**Assigned task:**
In the listing below, the lines starting with the line with "14629 Crystal Lk" and going on through the line with "boutons vintages beiges dégradés" are to be reproduced exactly, and only those.

** Opening Supplied records block **

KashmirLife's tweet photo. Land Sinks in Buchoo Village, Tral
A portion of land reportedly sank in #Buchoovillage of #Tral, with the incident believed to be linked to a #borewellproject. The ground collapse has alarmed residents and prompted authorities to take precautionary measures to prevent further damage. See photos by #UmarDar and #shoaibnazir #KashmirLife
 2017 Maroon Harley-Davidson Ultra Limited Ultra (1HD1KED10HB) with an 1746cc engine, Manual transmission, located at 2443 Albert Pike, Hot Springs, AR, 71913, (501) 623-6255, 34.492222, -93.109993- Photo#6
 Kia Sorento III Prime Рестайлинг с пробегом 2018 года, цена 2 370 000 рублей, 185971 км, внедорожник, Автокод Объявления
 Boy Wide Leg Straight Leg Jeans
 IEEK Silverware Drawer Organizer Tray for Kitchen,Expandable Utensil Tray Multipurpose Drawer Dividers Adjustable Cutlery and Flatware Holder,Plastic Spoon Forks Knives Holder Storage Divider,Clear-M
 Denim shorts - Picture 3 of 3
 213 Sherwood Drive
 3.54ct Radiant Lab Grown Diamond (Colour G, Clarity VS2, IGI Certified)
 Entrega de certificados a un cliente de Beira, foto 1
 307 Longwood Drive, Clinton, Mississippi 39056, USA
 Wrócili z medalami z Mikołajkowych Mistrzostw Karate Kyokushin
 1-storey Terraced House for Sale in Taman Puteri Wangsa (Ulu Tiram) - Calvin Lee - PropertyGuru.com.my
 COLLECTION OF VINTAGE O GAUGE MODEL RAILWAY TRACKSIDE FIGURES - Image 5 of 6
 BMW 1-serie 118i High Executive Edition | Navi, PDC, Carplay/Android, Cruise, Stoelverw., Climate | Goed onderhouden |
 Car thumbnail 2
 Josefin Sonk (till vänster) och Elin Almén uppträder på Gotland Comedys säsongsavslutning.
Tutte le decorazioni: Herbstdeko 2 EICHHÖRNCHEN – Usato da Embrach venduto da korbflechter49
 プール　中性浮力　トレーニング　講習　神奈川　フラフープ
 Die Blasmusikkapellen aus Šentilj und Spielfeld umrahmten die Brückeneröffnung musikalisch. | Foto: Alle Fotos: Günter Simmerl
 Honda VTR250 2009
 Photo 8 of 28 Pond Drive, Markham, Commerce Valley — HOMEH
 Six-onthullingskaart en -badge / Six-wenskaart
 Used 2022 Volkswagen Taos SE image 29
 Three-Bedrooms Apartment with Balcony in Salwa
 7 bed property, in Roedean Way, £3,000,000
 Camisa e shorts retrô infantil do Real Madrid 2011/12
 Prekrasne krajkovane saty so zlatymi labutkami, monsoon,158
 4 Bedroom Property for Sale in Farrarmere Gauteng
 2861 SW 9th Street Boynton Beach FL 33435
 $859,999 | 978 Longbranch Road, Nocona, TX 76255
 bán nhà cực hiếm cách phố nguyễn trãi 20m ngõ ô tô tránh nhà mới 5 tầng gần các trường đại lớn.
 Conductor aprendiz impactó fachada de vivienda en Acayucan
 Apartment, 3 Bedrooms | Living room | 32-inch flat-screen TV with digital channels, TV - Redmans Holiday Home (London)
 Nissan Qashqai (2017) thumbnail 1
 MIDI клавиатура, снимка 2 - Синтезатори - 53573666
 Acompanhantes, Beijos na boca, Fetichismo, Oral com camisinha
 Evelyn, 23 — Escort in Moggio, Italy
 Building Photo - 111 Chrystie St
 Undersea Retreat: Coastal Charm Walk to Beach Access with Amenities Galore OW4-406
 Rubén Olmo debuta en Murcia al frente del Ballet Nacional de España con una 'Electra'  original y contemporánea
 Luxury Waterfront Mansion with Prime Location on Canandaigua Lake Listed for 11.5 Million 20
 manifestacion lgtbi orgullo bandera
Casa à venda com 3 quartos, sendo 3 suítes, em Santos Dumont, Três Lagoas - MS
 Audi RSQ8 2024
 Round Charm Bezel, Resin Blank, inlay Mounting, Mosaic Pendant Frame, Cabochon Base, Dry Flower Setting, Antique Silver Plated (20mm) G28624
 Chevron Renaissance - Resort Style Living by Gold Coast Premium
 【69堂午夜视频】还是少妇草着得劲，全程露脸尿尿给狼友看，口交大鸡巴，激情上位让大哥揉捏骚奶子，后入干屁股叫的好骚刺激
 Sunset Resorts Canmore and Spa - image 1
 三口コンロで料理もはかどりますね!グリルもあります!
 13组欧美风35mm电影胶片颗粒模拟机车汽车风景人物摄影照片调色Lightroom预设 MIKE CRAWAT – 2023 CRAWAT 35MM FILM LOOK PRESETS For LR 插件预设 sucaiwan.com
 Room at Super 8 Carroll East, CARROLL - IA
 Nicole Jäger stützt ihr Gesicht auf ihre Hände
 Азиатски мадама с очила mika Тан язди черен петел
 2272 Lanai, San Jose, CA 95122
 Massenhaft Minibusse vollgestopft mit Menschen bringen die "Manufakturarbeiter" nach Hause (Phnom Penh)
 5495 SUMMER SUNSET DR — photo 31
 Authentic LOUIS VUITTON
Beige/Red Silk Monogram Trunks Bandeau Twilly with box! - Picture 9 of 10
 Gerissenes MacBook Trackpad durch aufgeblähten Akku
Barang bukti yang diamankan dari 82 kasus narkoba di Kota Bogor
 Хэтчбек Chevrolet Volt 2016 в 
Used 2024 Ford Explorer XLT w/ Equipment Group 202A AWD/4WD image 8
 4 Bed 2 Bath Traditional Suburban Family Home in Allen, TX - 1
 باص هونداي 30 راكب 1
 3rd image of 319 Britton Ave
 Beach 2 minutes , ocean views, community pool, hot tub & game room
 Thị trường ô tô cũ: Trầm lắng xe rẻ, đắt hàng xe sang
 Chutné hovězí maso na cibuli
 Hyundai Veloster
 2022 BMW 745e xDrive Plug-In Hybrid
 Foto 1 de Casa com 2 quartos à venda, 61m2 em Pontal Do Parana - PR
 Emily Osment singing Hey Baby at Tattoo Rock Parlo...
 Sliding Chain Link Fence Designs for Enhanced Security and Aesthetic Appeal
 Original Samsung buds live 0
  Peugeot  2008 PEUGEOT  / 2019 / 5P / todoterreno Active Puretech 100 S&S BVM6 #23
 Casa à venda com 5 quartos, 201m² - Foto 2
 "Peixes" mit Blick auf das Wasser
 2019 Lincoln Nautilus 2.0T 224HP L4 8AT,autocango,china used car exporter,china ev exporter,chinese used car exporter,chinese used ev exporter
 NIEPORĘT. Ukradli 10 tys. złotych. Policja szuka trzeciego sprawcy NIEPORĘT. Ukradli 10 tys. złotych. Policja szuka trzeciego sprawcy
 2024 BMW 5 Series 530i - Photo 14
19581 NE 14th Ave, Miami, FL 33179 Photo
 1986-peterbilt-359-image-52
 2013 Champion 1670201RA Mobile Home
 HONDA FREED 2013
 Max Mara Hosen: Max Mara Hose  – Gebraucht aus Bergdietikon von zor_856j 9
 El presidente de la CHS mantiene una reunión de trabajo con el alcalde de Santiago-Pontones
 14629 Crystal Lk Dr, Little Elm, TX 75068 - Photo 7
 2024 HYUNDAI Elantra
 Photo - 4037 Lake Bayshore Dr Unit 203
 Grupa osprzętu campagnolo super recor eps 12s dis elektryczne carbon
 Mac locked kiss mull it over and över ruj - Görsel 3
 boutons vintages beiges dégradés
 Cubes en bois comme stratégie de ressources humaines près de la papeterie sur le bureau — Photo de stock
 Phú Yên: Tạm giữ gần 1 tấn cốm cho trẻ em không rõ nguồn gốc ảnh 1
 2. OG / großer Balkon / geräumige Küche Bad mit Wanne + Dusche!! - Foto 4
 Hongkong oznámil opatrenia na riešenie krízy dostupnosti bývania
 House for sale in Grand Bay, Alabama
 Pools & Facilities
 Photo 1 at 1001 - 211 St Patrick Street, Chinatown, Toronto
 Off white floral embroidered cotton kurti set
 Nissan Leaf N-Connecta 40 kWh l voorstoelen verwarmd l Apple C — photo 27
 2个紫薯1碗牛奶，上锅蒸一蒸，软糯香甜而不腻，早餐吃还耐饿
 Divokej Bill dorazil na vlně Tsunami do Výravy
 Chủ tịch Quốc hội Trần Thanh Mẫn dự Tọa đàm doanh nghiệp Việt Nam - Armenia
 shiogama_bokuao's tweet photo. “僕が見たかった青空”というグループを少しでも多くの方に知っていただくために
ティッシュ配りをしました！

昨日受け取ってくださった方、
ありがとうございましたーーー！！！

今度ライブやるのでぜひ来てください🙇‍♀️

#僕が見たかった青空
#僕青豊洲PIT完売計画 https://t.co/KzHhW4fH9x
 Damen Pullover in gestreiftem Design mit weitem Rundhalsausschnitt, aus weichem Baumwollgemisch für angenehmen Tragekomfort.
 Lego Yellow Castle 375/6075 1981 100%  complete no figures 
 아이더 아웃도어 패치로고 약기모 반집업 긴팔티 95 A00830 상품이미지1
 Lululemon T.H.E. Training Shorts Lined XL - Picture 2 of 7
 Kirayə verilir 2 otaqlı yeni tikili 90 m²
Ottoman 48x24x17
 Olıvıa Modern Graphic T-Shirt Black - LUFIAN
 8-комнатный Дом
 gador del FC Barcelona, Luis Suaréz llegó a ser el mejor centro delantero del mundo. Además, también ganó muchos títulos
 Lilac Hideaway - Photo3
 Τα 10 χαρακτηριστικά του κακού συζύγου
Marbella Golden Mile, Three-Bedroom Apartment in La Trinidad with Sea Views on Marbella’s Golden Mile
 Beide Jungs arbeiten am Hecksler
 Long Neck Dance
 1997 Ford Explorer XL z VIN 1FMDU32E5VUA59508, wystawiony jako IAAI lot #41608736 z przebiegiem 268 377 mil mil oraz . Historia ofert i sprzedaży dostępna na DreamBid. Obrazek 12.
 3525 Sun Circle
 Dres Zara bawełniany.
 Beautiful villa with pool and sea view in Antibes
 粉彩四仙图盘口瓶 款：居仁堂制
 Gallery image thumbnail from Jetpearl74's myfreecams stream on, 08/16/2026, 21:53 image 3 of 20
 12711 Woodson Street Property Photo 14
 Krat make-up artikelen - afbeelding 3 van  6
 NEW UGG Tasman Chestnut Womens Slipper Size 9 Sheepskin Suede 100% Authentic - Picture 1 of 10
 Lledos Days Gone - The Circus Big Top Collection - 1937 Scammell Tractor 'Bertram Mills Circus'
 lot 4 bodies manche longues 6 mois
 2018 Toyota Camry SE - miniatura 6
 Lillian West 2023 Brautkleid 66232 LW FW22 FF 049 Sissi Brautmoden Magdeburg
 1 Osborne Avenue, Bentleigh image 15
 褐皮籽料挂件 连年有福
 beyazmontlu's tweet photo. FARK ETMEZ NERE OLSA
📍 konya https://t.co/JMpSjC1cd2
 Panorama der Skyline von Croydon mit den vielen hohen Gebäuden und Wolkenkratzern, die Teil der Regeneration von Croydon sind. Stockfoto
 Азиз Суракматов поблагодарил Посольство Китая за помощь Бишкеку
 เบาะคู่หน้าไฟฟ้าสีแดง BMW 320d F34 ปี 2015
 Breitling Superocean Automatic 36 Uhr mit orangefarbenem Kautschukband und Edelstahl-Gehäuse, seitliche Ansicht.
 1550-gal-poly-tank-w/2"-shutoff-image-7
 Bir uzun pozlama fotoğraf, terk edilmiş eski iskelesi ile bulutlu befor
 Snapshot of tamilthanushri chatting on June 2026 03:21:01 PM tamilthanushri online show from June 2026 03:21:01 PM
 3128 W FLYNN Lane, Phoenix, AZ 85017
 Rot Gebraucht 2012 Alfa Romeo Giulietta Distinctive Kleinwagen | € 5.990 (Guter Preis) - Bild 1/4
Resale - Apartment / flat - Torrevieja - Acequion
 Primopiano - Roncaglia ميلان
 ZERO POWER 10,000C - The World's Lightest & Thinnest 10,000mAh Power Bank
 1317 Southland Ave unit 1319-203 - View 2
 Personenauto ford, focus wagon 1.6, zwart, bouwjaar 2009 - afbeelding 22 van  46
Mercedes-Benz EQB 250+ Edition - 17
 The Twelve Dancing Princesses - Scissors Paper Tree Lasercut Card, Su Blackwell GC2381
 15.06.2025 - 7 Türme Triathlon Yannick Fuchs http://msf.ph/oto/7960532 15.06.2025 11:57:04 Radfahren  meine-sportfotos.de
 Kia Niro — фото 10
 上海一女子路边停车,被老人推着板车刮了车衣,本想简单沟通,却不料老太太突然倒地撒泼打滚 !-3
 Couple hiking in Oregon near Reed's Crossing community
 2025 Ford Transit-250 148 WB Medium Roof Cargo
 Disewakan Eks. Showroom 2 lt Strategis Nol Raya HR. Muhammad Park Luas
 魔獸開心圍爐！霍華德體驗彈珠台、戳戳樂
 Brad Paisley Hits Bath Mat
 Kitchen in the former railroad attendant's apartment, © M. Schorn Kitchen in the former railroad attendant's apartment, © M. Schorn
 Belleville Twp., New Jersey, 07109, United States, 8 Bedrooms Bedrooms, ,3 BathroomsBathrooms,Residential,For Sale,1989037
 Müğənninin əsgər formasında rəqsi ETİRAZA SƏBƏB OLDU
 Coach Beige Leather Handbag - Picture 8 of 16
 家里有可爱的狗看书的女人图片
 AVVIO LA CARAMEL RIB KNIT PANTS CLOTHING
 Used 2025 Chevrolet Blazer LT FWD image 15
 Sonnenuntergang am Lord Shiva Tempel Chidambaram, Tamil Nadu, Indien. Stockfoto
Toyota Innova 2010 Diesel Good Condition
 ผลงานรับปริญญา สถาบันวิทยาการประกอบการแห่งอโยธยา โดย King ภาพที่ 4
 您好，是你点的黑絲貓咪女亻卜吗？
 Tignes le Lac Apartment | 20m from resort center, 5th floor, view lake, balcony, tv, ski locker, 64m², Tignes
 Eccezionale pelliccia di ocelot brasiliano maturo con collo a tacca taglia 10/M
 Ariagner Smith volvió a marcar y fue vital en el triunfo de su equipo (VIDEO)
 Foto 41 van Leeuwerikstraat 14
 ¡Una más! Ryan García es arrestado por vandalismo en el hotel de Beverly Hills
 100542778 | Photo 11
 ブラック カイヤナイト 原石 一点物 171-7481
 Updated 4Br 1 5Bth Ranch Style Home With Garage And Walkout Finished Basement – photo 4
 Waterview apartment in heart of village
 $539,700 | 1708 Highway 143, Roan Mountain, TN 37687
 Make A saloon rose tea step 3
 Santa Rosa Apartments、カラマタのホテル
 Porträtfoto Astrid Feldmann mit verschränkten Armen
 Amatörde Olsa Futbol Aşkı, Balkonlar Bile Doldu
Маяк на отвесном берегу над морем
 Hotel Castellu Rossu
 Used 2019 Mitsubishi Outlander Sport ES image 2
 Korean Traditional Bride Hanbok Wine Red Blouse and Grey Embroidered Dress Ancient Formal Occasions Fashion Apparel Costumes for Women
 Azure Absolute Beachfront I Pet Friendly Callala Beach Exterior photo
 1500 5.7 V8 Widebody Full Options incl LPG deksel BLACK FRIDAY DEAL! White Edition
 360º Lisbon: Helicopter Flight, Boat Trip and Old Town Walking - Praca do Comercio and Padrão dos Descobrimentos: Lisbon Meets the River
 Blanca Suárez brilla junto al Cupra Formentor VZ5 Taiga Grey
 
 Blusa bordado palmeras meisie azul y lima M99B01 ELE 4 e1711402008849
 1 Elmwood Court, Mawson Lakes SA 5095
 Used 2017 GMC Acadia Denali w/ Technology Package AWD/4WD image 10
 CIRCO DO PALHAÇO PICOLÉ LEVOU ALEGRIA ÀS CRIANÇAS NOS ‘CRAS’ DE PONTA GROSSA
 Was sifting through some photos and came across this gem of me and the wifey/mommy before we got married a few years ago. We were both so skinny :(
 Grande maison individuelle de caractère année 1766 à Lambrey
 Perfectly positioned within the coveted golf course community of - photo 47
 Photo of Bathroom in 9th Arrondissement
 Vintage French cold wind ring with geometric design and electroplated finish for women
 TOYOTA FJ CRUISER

** Closing Supplied records block **

**Reply:**
 14629 Crystal Lk Dr, Little Elm, TX 75068 - Photo 7
 2024 HYUNDAI Elantra
 Photo - 4037 Lake Bayshore Dr Unit 203
 Grupa osprzętu campagnolo super recor eps 12s dis elektryczne carbon
 Mac locked kiss mull it over and över ruj - Görsel 3
 boutons vintages beiges dégradés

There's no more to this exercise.